▶ _WHAT THE TASK REQUIRES_: Below are some entries; can you quote all of them exactly?
(MATERIAL SUPPLIED begins)
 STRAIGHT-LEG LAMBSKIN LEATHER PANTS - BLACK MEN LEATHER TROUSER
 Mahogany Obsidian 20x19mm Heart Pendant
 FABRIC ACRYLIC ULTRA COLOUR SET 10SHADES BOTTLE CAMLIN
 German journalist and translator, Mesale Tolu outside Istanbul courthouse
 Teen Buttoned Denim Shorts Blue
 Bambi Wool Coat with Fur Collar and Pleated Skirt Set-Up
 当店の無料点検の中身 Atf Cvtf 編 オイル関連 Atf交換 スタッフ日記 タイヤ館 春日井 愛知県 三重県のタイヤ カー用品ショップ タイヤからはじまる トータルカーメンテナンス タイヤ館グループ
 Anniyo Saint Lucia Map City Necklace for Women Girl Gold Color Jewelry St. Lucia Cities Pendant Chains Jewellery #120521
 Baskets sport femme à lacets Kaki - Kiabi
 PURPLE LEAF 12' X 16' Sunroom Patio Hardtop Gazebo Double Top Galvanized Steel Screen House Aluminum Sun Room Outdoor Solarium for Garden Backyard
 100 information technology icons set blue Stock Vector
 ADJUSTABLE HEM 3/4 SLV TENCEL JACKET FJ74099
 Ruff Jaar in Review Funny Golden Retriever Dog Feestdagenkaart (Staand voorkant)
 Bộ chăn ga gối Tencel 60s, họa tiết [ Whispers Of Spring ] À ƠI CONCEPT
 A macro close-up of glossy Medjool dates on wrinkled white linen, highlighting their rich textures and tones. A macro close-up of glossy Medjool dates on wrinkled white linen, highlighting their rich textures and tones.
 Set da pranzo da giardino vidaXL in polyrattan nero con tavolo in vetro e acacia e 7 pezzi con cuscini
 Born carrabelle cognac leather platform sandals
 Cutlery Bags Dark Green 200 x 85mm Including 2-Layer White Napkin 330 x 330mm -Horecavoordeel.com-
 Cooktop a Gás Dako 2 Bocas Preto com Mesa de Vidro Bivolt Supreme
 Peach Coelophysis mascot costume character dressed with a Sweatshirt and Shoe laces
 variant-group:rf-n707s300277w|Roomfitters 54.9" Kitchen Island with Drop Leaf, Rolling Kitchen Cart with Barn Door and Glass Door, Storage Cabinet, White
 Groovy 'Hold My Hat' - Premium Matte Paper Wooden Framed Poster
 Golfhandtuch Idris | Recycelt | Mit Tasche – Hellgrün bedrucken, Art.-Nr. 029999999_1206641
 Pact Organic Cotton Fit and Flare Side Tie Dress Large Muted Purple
(MATERIAL SUPPLIED ends)
▶ _ANSWER BOX_:
 STRAIGHT-LEG LAMBSKIN LEATHER PANTS - BLACK MEN LEATHER TROUSER
 Mahogany Obsidian 20x19mm Heart Pendant
 FABRIC ACRYLIC ULTRA COLOUR SET 10SHADES BOTTLE CAMLIN
 German journalist and translator, Mesale Tolu outside Istanbul courthouse
 Teen Buttoned Denim Shorts Blue
 Bambi Wool Coat with Fur Collar and Pleated Skirt Set-Up
 当店の無料点検の中身 Atf Cvtf 編 オイル関連 Atf交換 スタッフ日記 タイヤ館 春日井 愛知県 三重県のタイヤ カー用品ショップ タイヤからはじまる トータルカーメンテナンス タイヤ館グループ
 Anniyo Saint Lucia Map City Necklace for Women Girl Gold Color Jewelry St. Lucia Cities Pendant Chains Jewellery #120521
 Baskets sport femme à lacets Kaki - Kiabi
 PURPLE LEAF 12' X 16' Sunroom Patio Hardtop Gazebo Double Top Galvanized Steel Screen House Aluminum Sun Room Outdoor Solarium for Garden Backyard
 100 information technology icons set blue Stock Vector
 ADJUSTABLE HEM 3/4 SLV TENCEL JACKET FJ74099
 Ruff Jaar in Review Funny Golden Retriever Dog Feestdagenkaart (Staand voorkant)
 Bộ chăn ga gối Tencel 60s, họa tiết [ Whispers Of Spring ] À ƠI CONCEPT
 A macro close-up of glossy Medjool dates on wrinkled white linen, highlighting their rich textures and tones. A macro close-up of glossy Medjool dates on wrinkled white linen, highlighting their rich textures and tones.
 Set da pranzo da giardino vidaXL in polyrattan nero con tavolo in vetro e acacia e 7 pezzi con cuscini
 Born carrabelle cognac leather platform sandals
 Cutlery Bags Dark Green 200 x 85mm Including 2-Layer White Napkin 330 x 330mm -Horecavoordeel.com-
 Cooktop a Gás Dako 2 Bocas Preto com Mesa de Vidro Bivolt Supreme
 Peach Coelophysis mascot costume character dressed with a Sweatshirt and Shoe laces
 variant-group:rf-n707s300277w|Roomfitters 54.9" Kitchen Island with Drop Leaf, Rolling Kitchen Cart with Barn Door and Glass Door, Storage Cabinet, White
 Groovy 'Hold My Hat' - Premium Matte Paper Wooden Framed Poster
 Golfhandtuch Idris | Recycelt | Mit Tasche – Hellgrün bedrucken, Art.-Nr. 029999999_1206641
 Pact Organic Cotton Fit and Flare Side Tie Dress Large Muted Purple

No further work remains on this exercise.